What the exercise asks: Reproduce the lines below verbatim. Pictures are to be omitted.

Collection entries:
- - -

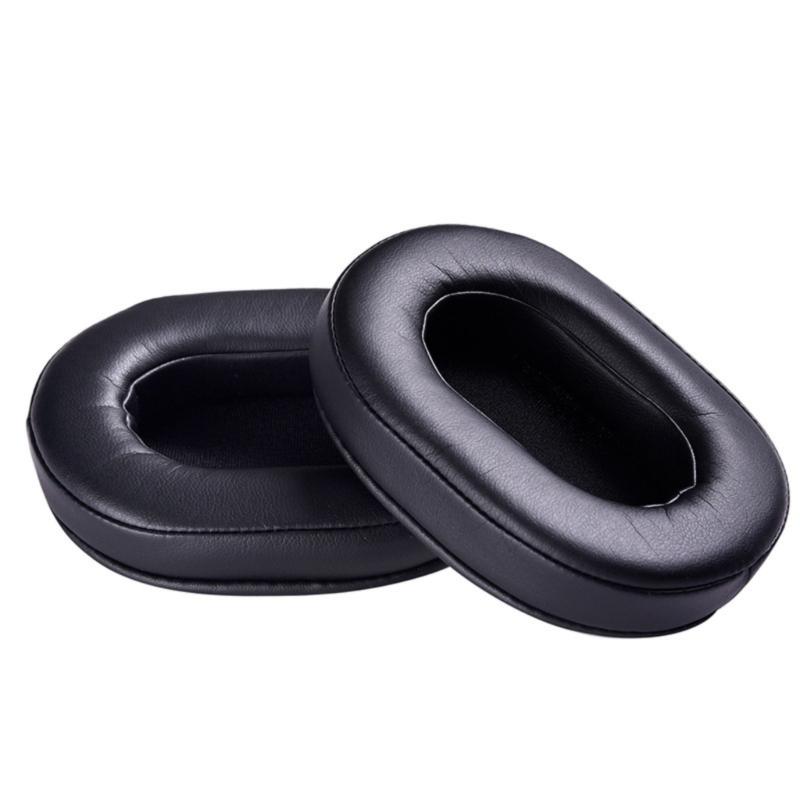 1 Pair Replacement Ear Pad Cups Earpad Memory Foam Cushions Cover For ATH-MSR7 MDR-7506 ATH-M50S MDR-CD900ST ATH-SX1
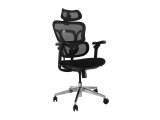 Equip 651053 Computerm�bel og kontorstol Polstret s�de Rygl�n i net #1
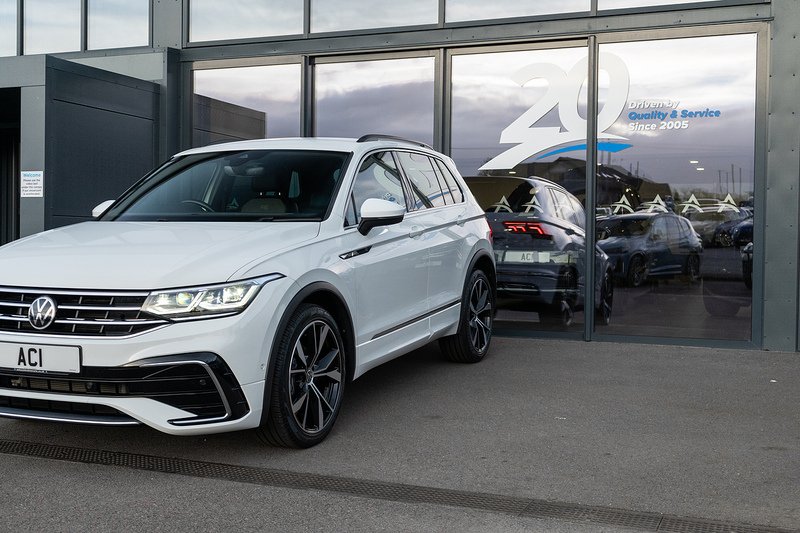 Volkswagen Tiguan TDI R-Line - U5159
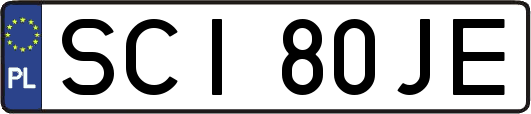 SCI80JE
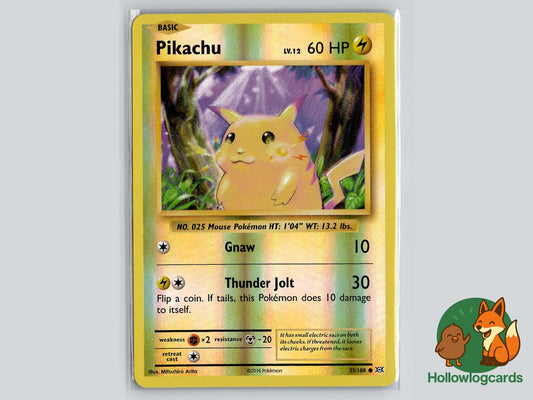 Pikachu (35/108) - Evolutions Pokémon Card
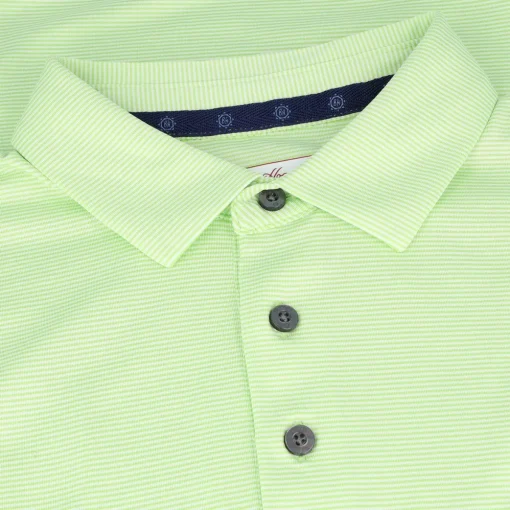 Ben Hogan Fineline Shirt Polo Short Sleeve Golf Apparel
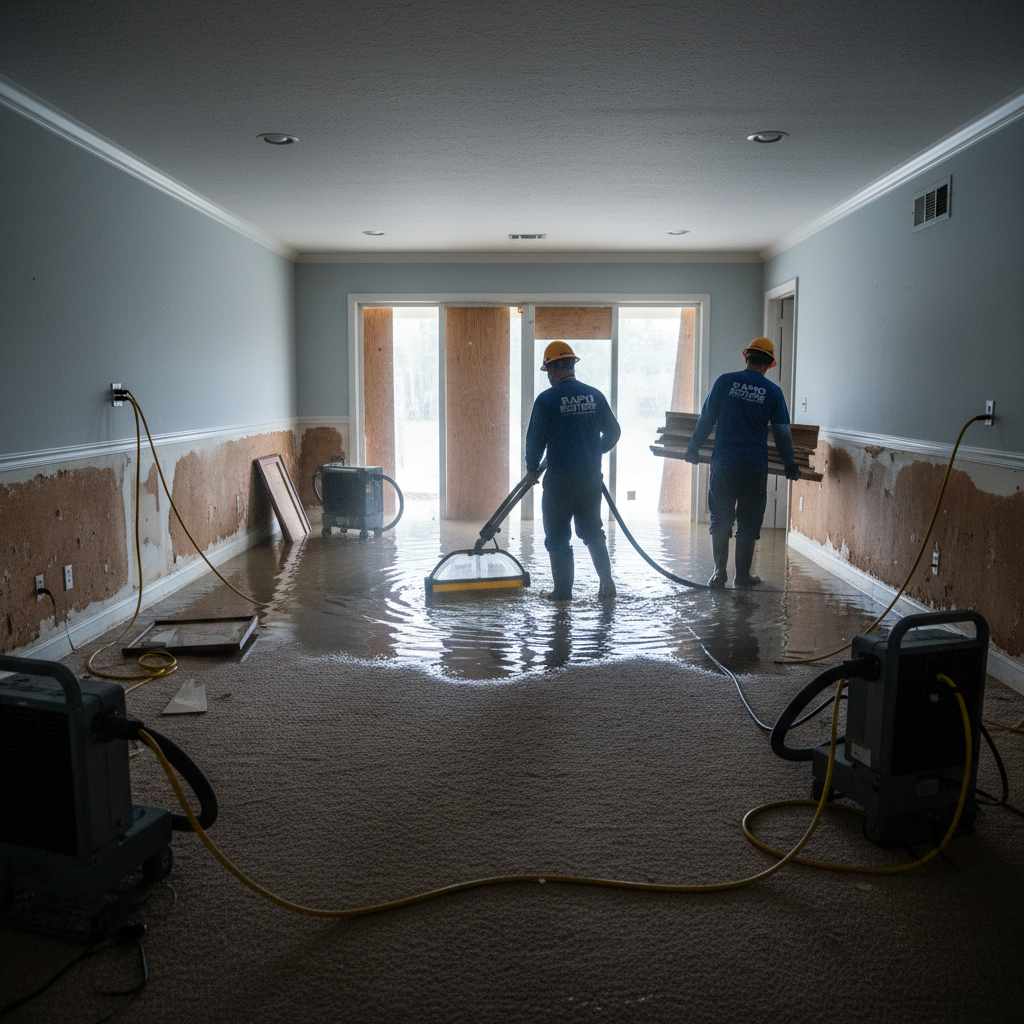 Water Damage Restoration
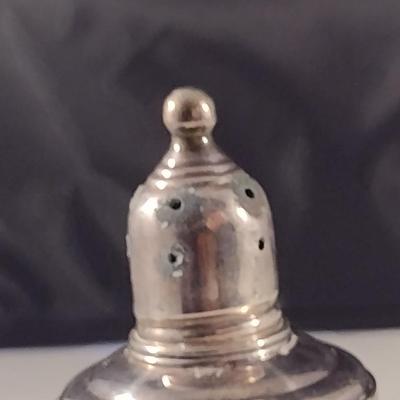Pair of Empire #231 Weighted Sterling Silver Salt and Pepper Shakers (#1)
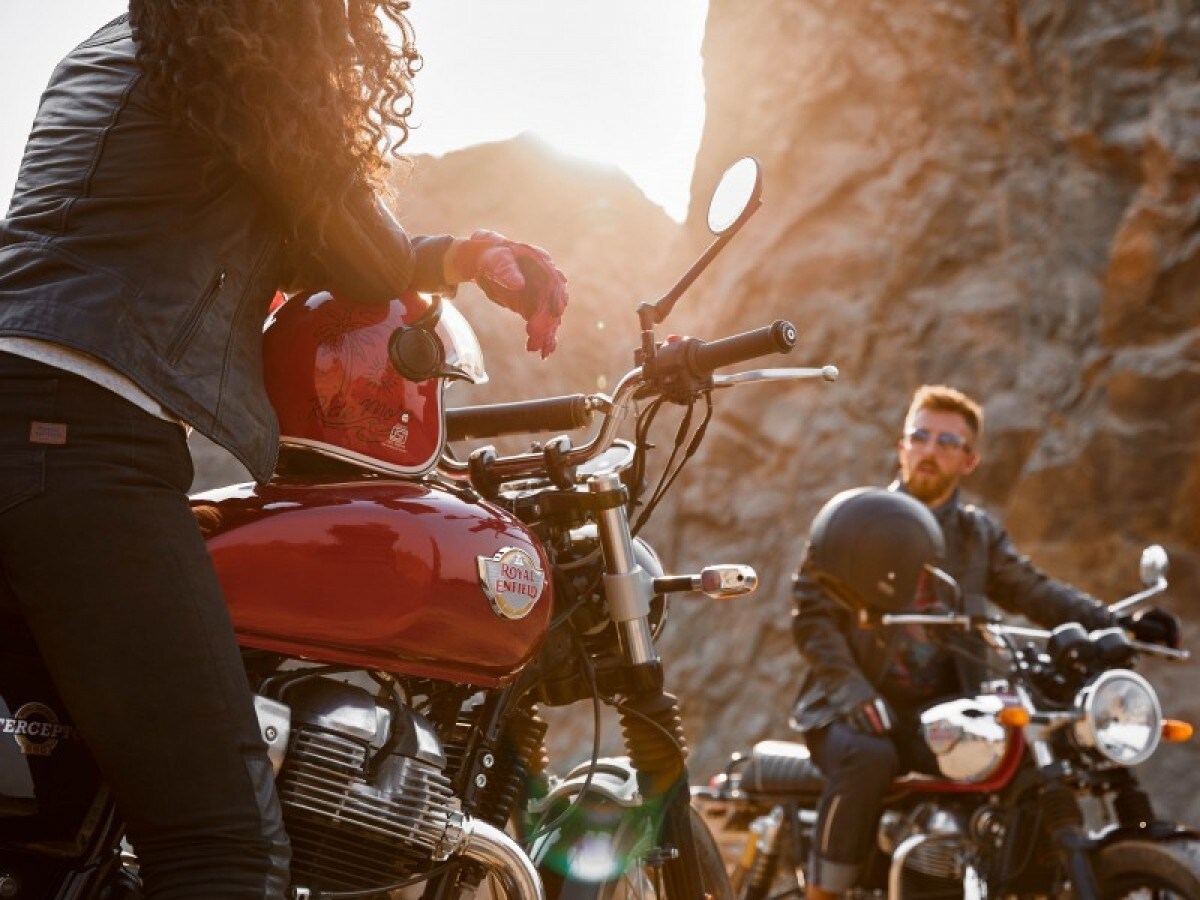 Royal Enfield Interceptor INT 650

- - -

Final answer:
 1 Pair Replacement Ear Pad Cups Earpad Memory Foam Cushions Cover For ATH-MSR7 MDR-7506 ATH-M50S MDR-CD900ST ATH-SX1
 Equip 651053 Computerm�bel og kontorstol Polstret s�de Rygl�n i net #1
 Volkswagen Tiguan TDI R-Line - U5159
 SCI80JE
 Pikachu (35/108) - Evolutions Pokémon Card
 Ben Hogan Fineline Shirt Polo Short Sleeve Golf Apparel
 Water Damage Restoration
Pair of Empire #231 Weighted Sterling Silver Salt and Pepper Shakers (#1)
 Royal Enfield Interceptor INT 650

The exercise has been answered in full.